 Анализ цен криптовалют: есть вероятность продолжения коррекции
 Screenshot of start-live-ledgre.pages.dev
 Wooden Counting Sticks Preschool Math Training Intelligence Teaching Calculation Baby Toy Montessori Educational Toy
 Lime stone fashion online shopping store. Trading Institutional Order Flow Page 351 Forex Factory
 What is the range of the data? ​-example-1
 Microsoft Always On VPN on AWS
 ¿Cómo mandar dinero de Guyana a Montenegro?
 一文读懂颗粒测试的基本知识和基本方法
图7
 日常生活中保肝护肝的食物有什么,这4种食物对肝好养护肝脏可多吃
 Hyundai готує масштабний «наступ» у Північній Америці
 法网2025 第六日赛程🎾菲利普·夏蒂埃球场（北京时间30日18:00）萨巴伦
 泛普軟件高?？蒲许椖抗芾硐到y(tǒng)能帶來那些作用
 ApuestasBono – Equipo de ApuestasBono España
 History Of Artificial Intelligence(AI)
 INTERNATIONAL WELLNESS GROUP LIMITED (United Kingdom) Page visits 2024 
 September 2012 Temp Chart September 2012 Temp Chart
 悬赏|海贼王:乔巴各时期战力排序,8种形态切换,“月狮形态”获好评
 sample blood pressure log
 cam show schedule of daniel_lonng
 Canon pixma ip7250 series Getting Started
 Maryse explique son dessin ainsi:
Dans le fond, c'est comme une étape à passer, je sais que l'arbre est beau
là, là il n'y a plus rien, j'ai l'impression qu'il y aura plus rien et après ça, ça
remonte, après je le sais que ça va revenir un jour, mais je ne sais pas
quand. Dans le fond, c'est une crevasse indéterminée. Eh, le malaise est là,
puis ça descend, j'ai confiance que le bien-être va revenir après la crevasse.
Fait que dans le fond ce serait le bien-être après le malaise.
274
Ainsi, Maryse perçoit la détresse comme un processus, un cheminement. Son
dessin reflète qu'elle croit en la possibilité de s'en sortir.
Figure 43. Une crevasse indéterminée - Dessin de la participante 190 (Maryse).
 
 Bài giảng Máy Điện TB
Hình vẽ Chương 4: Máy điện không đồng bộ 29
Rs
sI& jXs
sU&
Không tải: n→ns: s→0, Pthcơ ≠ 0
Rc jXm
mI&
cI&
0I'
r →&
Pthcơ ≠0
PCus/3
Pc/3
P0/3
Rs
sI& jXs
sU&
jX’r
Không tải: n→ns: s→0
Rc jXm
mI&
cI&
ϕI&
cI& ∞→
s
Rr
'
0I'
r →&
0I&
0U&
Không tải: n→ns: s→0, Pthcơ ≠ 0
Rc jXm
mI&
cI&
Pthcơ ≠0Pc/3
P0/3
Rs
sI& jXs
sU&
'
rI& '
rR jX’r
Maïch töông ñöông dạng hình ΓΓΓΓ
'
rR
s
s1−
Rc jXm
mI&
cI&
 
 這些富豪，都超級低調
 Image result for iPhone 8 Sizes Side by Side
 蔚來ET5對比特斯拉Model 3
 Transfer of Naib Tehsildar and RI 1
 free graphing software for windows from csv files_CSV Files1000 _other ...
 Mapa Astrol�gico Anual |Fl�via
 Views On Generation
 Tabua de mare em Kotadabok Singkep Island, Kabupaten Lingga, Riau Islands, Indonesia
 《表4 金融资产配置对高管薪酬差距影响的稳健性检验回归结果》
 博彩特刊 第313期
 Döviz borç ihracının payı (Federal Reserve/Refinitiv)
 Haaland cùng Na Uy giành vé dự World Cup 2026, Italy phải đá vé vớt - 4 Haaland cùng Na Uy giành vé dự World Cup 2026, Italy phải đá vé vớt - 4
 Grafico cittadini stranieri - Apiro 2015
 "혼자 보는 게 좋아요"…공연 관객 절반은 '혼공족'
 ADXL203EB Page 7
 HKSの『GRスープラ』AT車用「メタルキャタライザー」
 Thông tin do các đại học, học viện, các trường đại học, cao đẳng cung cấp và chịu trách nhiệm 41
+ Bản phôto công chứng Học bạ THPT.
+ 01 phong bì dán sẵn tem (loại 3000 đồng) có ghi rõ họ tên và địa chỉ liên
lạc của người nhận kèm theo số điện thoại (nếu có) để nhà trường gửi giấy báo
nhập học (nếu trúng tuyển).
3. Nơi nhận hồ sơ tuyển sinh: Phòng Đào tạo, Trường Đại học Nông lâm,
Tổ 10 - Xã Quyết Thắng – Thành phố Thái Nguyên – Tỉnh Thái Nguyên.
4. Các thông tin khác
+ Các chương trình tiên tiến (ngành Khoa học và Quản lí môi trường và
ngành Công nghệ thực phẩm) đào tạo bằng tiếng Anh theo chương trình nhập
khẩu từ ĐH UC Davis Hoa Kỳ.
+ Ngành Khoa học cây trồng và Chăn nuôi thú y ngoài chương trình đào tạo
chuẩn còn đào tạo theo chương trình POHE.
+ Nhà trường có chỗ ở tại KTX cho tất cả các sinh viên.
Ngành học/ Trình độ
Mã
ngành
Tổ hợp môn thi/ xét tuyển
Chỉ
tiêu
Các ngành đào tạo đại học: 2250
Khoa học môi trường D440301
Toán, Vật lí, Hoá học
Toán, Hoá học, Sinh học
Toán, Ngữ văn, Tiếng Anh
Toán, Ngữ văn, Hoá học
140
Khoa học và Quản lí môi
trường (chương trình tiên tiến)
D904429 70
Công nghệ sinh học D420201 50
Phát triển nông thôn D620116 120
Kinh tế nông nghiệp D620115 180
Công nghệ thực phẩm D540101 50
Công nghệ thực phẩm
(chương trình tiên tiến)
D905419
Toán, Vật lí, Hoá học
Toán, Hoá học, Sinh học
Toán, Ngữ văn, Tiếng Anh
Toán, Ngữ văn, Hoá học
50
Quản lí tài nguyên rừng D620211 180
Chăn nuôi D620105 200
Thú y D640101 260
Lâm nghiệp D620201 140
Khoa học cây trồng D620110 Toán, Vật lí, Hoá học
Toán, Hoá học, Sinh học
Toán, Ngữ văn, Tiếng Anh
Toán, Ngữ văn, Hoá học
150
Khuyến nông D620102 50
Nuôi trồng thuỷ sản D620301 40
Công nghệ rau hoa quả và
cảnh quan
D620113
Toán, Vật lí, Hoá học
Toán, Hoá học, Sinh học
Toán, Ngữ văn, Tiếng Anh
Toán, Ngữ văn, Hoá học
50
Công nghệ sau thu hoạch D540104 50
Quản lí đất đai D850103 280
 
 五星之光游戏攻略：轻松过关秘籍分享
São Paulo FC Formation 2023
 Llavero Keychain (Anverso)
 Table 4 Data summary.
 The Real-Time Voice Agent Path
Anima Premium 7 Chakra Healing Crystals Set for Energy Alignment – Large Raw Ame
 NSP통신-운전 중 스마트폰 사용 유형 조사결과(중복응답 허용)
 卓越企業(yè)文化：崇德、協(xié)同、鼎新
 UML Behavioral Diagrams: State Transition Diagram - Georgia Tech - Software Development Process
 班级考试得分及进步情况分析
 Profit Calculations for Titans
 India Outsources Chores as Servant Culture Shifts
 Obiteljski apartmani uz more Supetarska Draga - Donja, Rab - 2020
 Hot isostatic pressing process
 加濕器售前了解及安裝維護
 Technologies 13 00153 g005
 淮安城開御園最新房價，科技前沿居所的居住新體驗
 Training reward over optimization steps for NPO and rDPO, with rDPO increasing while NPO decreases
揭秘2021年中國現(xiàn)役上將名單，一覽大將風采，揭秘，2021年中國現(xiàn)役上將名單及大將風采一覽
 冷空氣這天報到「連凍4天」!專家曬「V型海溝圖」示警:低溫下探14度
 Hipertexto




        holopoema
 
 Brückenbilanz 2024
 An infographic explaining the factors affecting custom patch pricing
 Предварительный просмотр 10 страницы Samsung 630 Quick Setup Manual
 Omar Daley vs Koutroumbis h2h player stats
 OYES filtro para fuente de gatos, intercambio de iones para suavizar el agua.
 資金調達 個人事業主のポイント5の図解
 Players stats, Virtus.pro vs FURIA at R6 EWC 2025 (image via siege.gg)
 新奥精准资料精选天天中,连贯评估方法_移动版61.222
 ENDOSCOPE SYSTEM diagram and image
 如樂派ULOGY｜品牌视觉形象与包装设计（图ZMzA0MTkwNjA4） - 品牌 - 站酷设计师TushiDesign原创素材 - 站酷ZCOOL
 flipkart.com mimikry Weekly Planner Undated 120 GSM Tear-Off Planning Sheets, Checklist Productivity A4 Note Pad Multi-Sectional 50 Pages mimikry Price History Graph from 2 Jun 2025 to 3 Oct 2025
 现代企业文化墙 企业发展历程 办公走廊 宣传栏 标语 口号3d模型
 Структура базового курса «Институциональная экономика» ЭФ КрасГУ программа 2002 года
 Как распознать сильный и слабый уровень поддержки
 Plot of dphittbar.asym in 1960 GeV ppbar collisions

####################

Search the records for the word "tuyển" and copy every line where it occurs.

■ **SOLUTION FOR THIS EXERCISE**
nhập học (nếu trúng tuyển).
3. Nơi nhận hồ sơ tuyển sinh: Phòng Đào tạo, Trường Đại học Nông lâm,
Tổ hợp môn thi/ xét tuyển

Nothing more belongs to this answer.